▸ Entries shown
#####
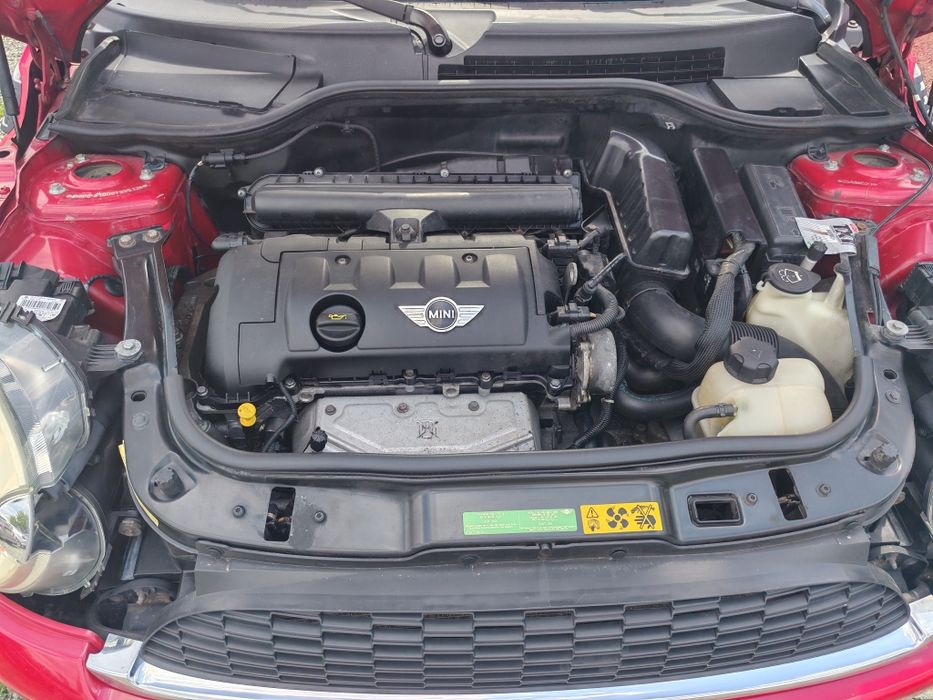 Mini Cooper 1.6 benzina 2007 cash sau rate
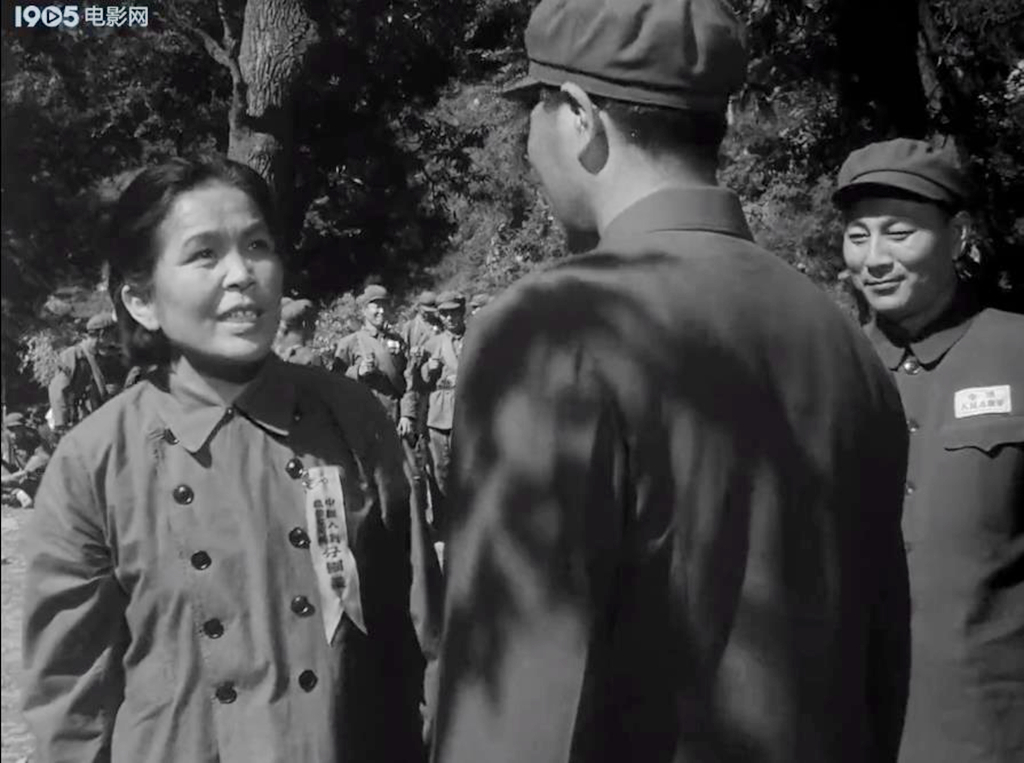 她是《打击侵略者》慰问团梅团长，丁大勇母亲，为啥难见演员消息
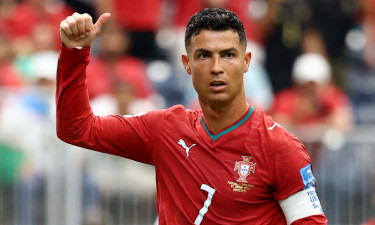 ভেনেজুয়েলায় ভূমিকম্পে পরিবার হারানো শিশুর স্বপ্ন পূরণ করলেন রোনালদো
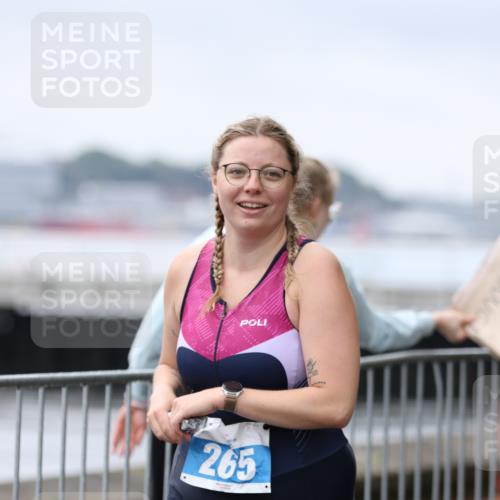 16.08.2026 - KN Förde Triathlon 2026 Antke Förster http://msf.ph/oto/9994386 16.08.2026 10:32:11 Laufen  meine-sportfotos.de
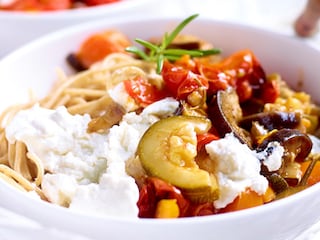 Spaghetti met geroosterde groenten en ricotta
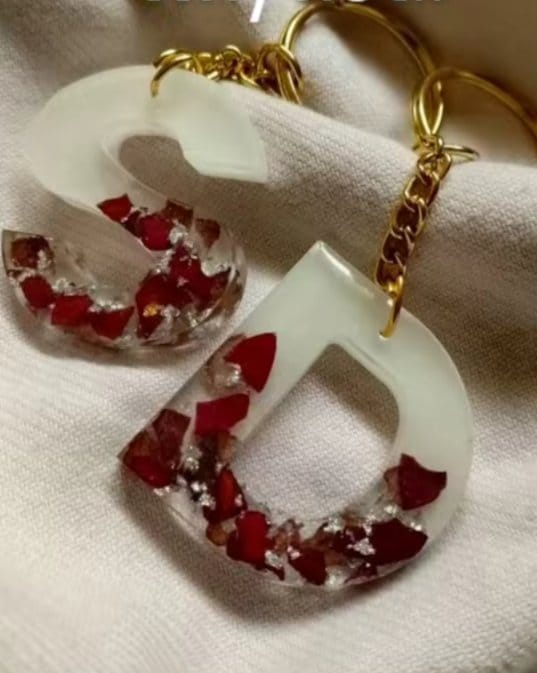 Rose petal keychain with your favourite colour - Image 1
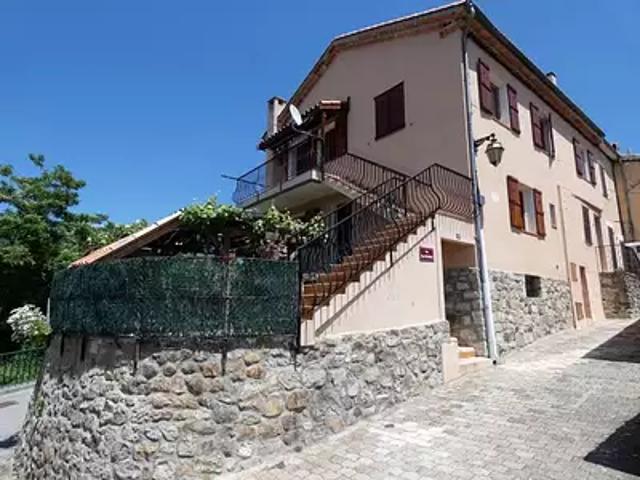 Saint Antonin 06260 Achat / Vente maison 9 pièces t9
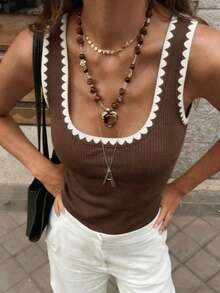 Cévolie French Retro Contrast Color Square Neck Camisole, Minimalist Versatile Sexy Sleeveless T-Shirt, Shell Embroidered Knit Fabric, Suitable For Going Out, Commuting, And School - Coffee Brown - View 2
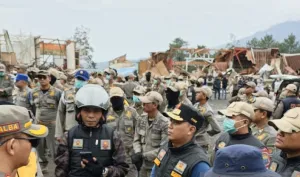 160 Kios Ilegal di Kawasan Puncak Cianjur Dibongkar, Pedagang Terima Kompensasi Rp10 Juta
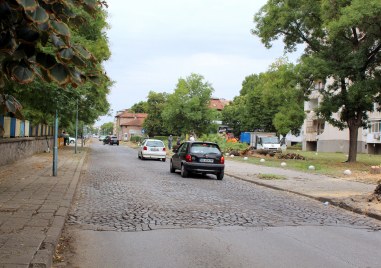 Движението по ул Даме Груев в участъка между Тодор Александров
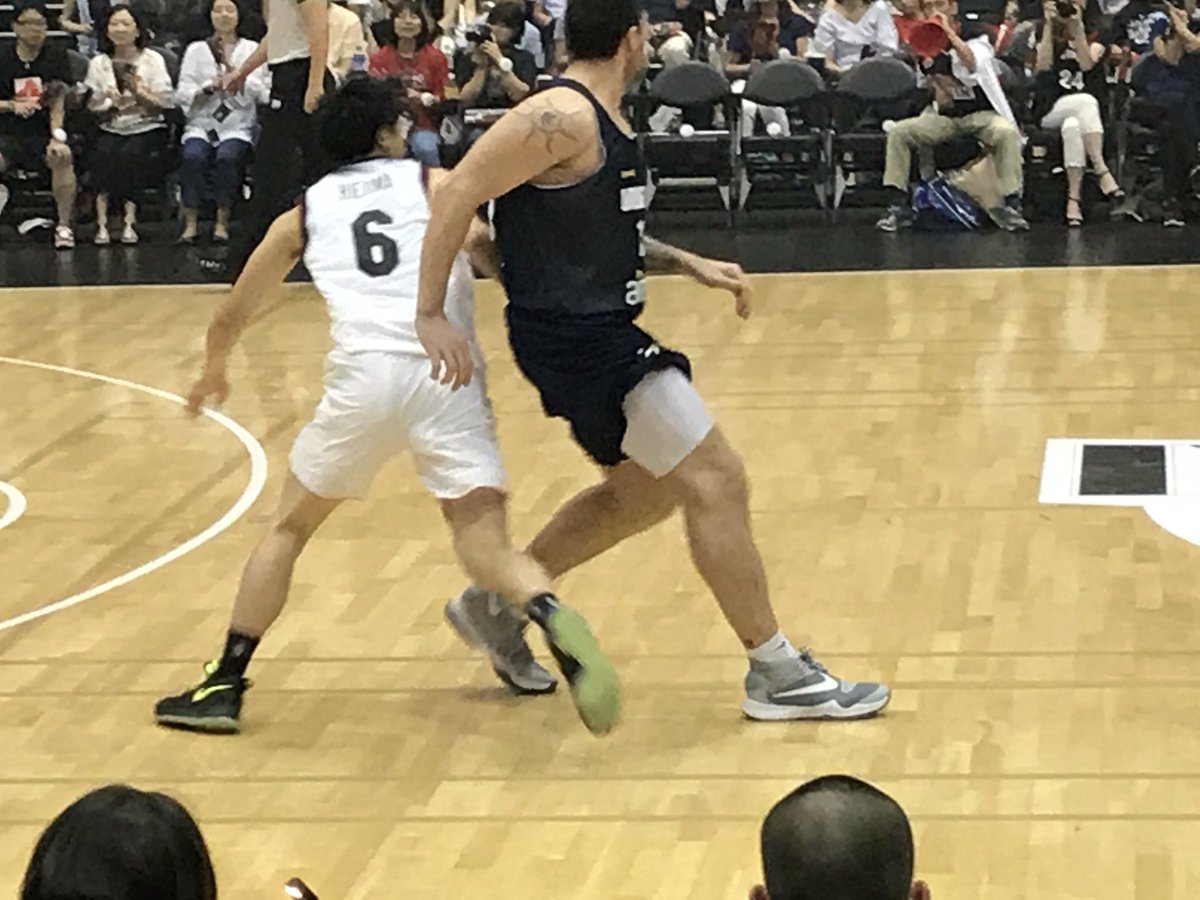 Twitter पर Matsuatsu16 バスケットボール 日本代表強化試合 Akatsukifive Vs ウルグアイ代表 青山学院記念館 今日の 比江島慎 選手の バスケットシューズ バッシュ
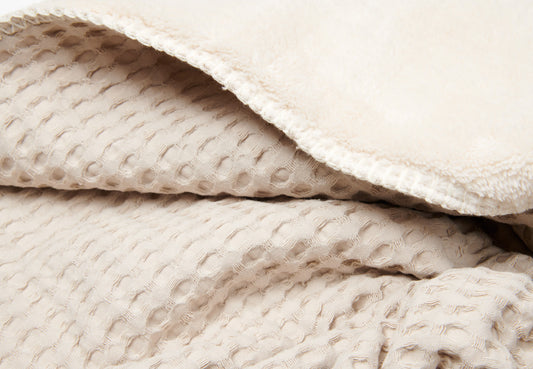 Ledikantdeken teddy/wafel Oslo - Sand/Pebble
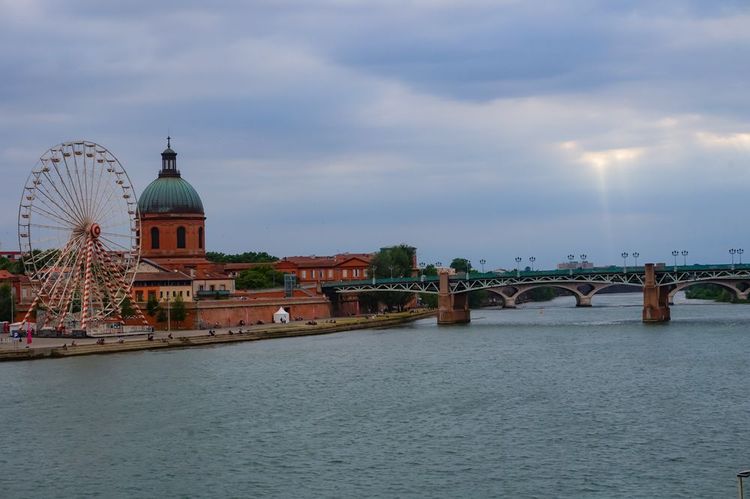 Blick auf Saint-Cyprien und das Riesenrad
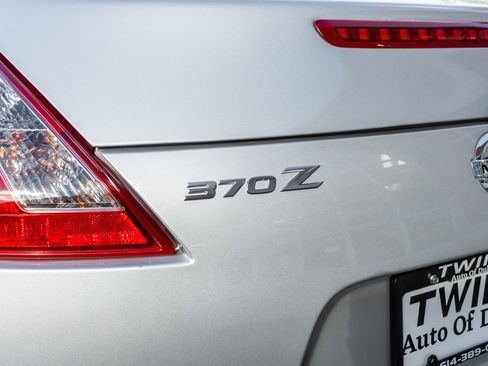 Used 2017 Nissan 370Z Coupe RWD image 32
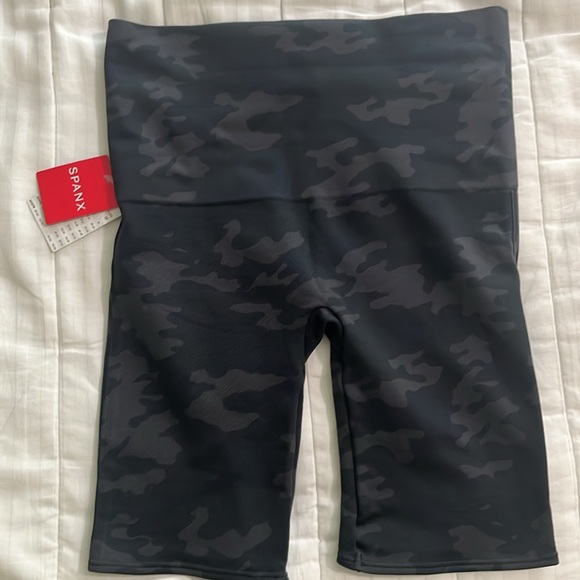 Spanx NWT! ❤️ size M - Picture 2 of 5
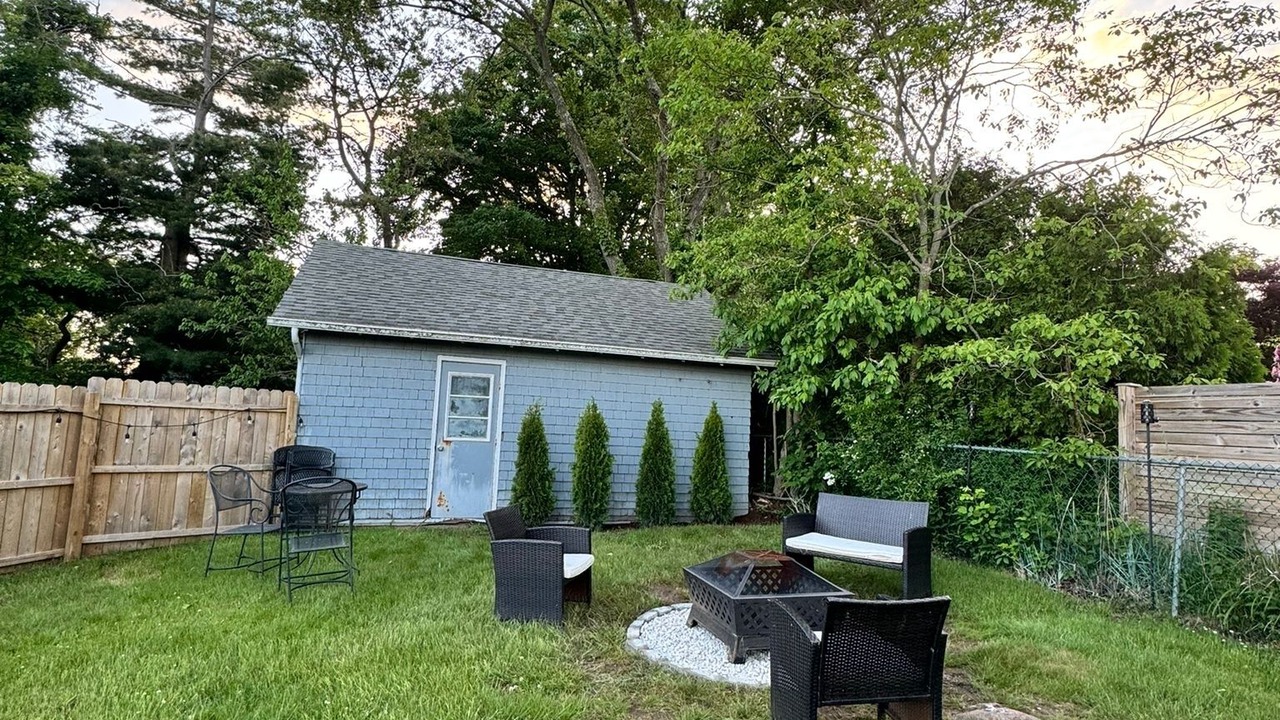 Photo of Outdoor in East Shore
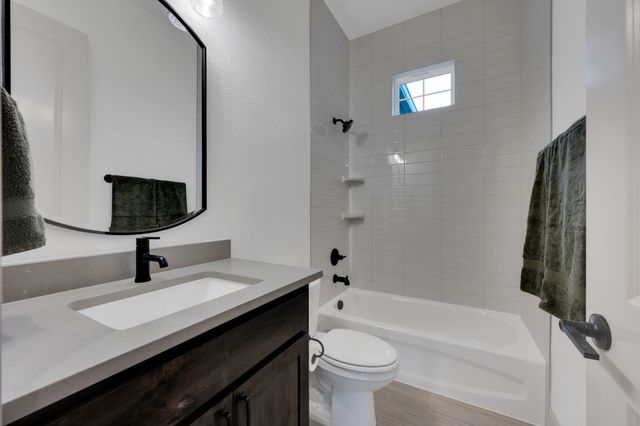 4530 Waggoner Ranch Court, Waxahachie, TX 75165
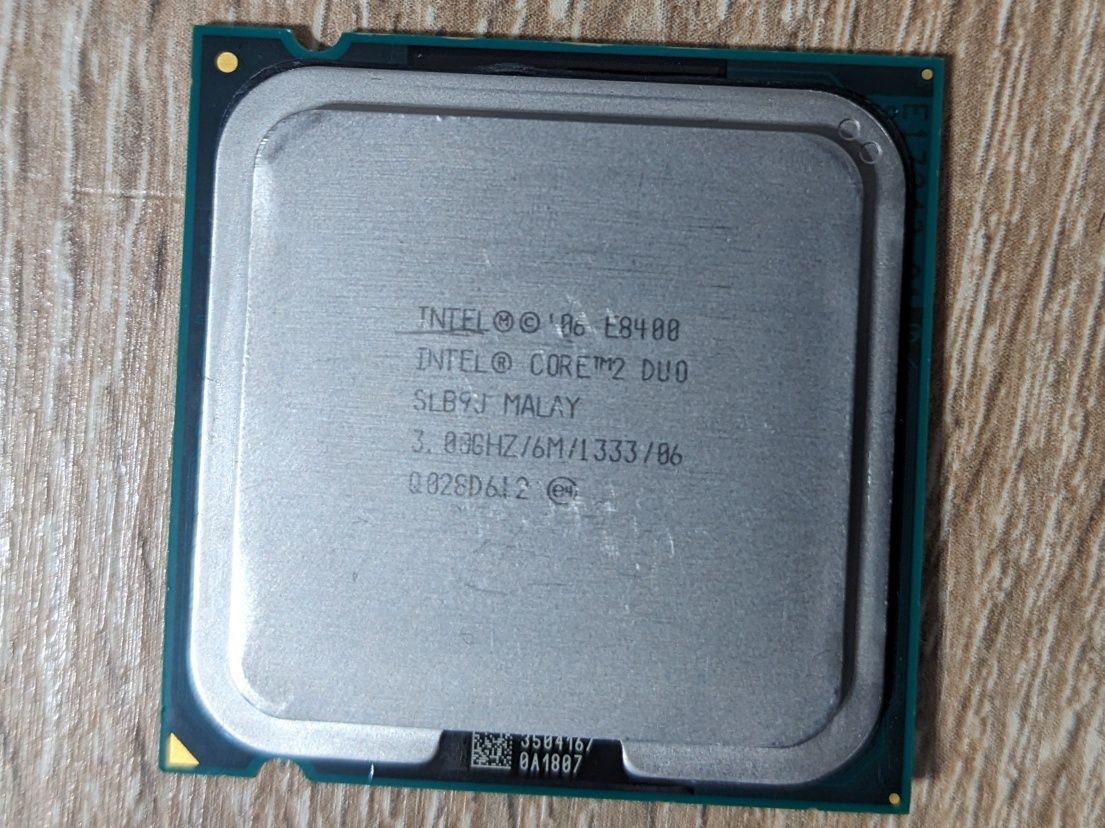 Процесори Intel Core 2 Duo E8400,   S775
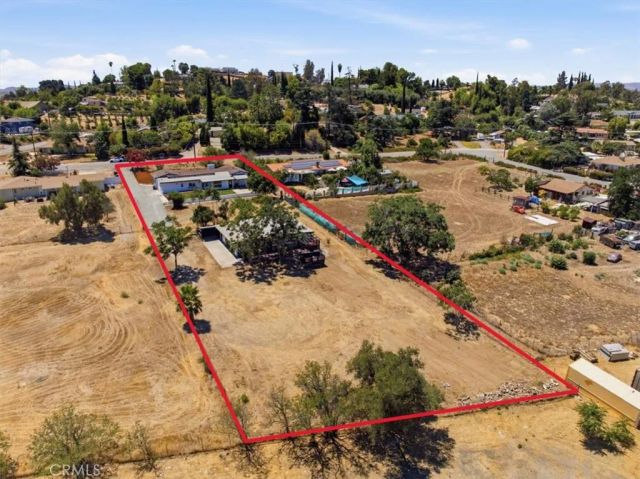 31750 Florida, Redlands, CA 92373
#####
▸ Your instructions
Your task is a word-for-word transcription of the entries, leaving out all pictures.

▸ Reply to the task
 Mini Cooper 1.6 benzina 2007 cash sau rate
 她是《打击侵略者》慰问团梅团长，丁大勇母亲，为啥难见演员消息
 ভেনেজুয়েলায় ভূমিকম্পে পরিবার হারানো শিশুর স্বপ্ন পূরণ করলেন রোনালদো
 16.08.2026 - KN Förde Triathlon 2026 Antke Förster http://msf.ph/oto/9994386 16.08.2026 10:32:11 Laufen  meine-sportfotos.de
 Spaghetti met geroosterde groenten en ricotta
 Rose petal keychain with your favourite colour - Image 1
 Saint Antonin 06260 Achat / Vente maison 9 pièces t9
 Cévolie French Retro Contrast Color Square Neck Camisole, Minimalist Versatile Sexy Sleeveless T-Shirt, Shell Embroidered Knit Fabric, Suitable For Going Out, Commuting, And School - Coffee Brown - View 2
 160 Kios Ilegal di Kawasan Puncak Cianjur Dibongkar, Pedagang Terima Kompensasi Rp10 Juta
 Движението по ул Даме Груев в участъка между Тодор Александров
 Twitter पर Matsuatsu16 バスケットボール 日本代表強化試合 Akatsukifive Vs ウルグアイ代表 青山学院記念館 今日の 比江島慎 選手の バスケットシューズ バッシュ
 Ledikantdeken teddy/wafel Oslo - Sand/Pebble
 Blick auf Saint-Cyprien und das Riesenrad
 Used 2017 Nissan 370Z Coupe RWD image 32
 Spanx NWT! ❤️ size M - Picture 2 of 5
 Photo of Outdoor in East Shore
 4530 Waggoner Ranch Court, Waxahachie, TX 75165
 Процесори Intel Core 2 Duo E8400,   S775
 31750 Florida, Redlands, CA 92373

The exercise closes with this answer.